Gelişen global şartlar, Türkiye ile ilgili bütün ekonomik verilerin düzeleceğini gösteriyor. Bu gelişmelerin ışığında, enflasyon oranlarının ve faizlerin düşeceği; bütçe açıklarımızın azalacağı; yabancı yatırımcıların ülkemize daha rahat girebileceği, özelleştirmelerin artacağı; ülkemizin reyting oranlarının yükseleceği bir yıla gireceğimizi söyleyebiliriz. Kaçınılmaz olarak, bu düzelmeden borsa da payını alacak.
Nedeni enerji fiyatı
Bilindiği gibi, enerji açığımız olmasa, ülkemiz cari açık vermeyecek.

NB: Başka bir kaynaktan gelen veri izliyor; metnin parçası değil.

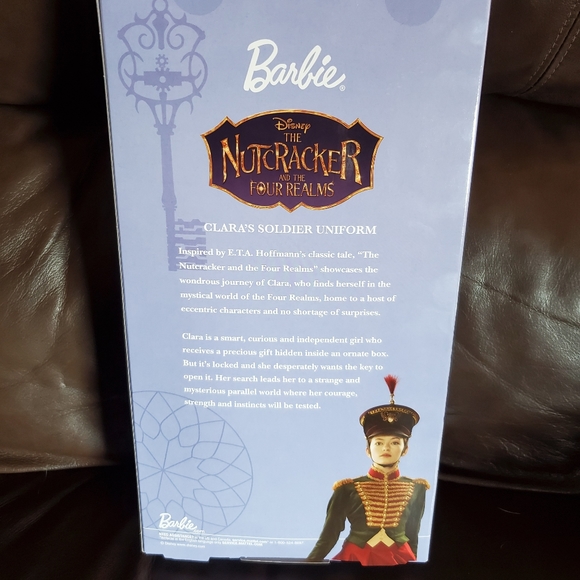 Barbie Clara The Nutcracker and the Four Realms - Picture 2 of 4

Dolayısıyla, enerji fiyatlarının düşmesi, doğrudan doğruya cari açığımızın azalmasına ve bütçe açıklarımızın düşmesine neden oluyor. Brent petrol fiyatının 85 dolara düşmesi ve doğalgaz fiyatındaki indirimler, cari işlemler açığının yaklaşık 8 milyar dolar azalmasına neden oldu; “açık”, 56 milyar dolardan 48 milyar dolara geriledi. Bu gerilemenin 5 milyar doları petrol ve petrol ürünlerinden, 3 milyar doları da doğalgaz fiyatlarındaki düşmeden kaynaklanıyor. Bu gelişme, cari açığımızın, Gayri Safi Milli Hasıla’mıza oranını da yüzde 8 oranında geriletti. İlave olarak, enerji fiyatlarında gerilemenin halen sürdüğü de düşünülürse, düzelmenin gittikçe artacağını da öngörebiliriz.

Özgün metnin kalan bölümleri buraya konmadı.